--- START ---

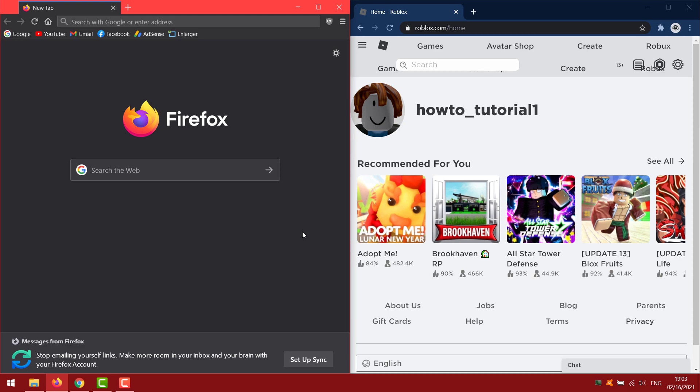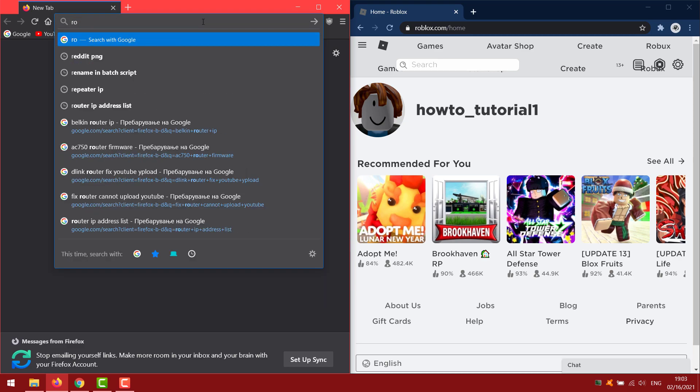I am already logged in on Google Chrome. So in Firefox I will go to roblox.com.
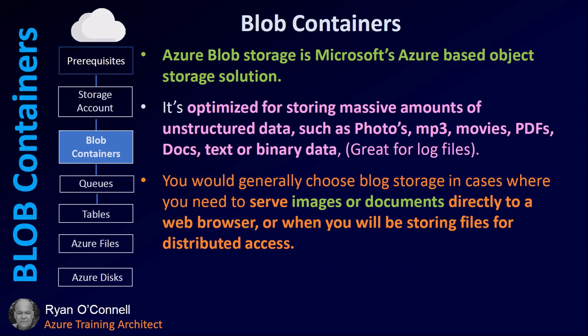Blob containers. Blob storage is Microsoft's Azure-based object storage solution. It's optimized for storing massive amounts of unstructured data such as photos, MP3s, movies, PDFs, docs, text, or binary data. It's great for log files. You would generally choose blob storage in cases where you need to serve up images or documents directly to a web browser, or where you want to store files for distributed access.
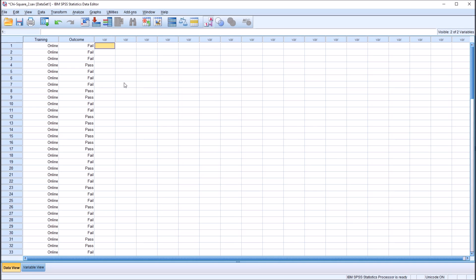Hello, this is Dr. Grande. Welcome to my video on interpreting the percentages in the output for the chi-square test in SPSS. As always, if you find this video helpful, please like it and subscribe to my channel. I certainly appreciate it.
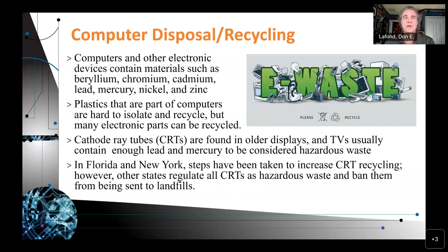Computer disposal and recycling. Computers and other electronic devices contain materials such as chromium, cadmium, lead, mercury, nickel, and zinc. Plastics that are part of computers are hard to isolate and recycle, but many electronic parts can be recycled. Cathode ray tubes — CRTs — found in older displays and TVs usually contain enough lead and mercury to be considered hazardous waste. In Florida and New York, steps have been taken to increase CRT recycling. However, other states regulate all CRTs as hazardous material and ban them from being sent to landfills.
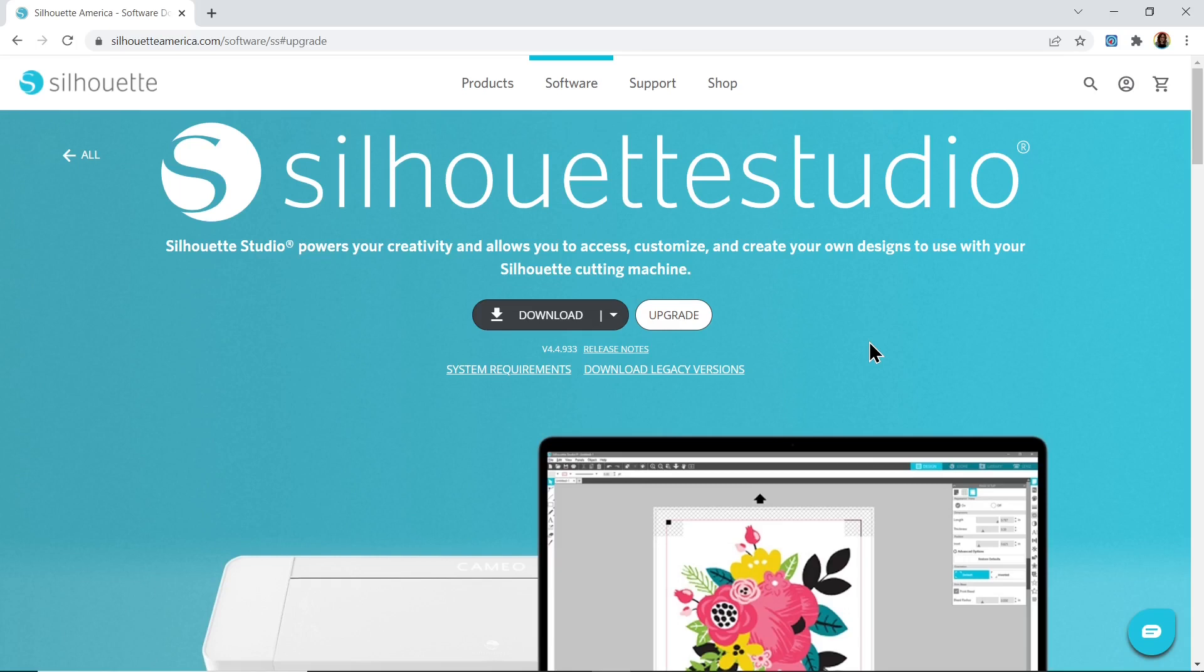The first thing you'll need to do is download the Silhouette Studio software. If you've been using your machine for a while, you'll already have this on your computer. Silhouette Studio comes in a couple of different versions.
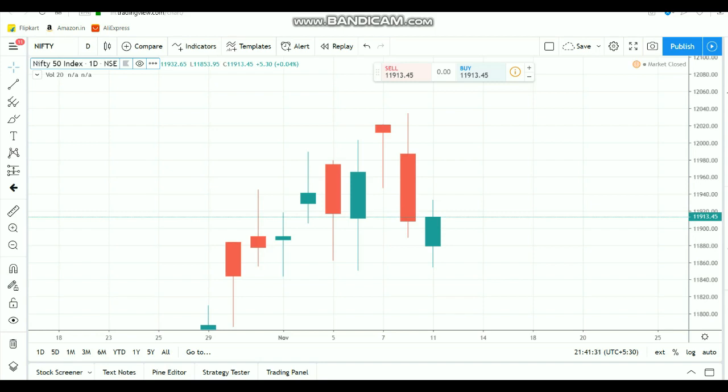Hi everyone. In this video we are going to see about Nifty intraday breakout levels.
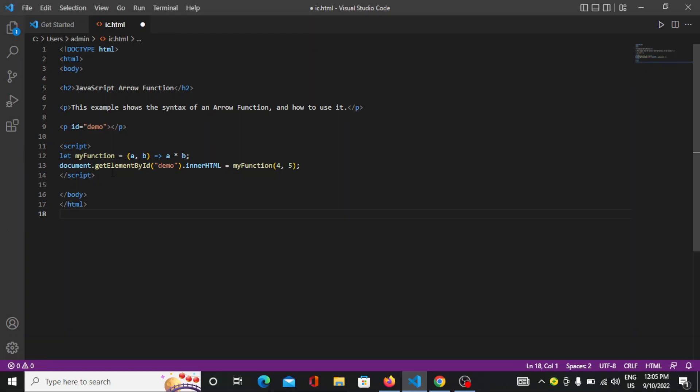Here on screen you can see that if you use arrow function syntax, it will get shorter. You don't need to write so much; it will be the easiest one.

--- END ---

What is expected: Restate word for word every line from the one with "Blob containers. Blob" up to and including the one with "Hello, this is" in the records above, minus the pictures.

Answer to this problem:
Blob containers. Blob storage is Microsoft's Azure-based object storage solution. It's optimized for storing massive amounts of unstructured data such as photos, MP3s, movies, PDFs, docs, text, or binary data. It's great for log files. You would generally choose blob storage in cases where you need to serve up images or documents directly to a web browser, or where you want to store files for distributed access.
Hello, this is Dr. Grande. Welcome to my video on interpreting the percentages in the output for the chi-square test in SPSS. As always, if you find this video helpful, please like it and subscribe to my channel. I certainly appreciate it.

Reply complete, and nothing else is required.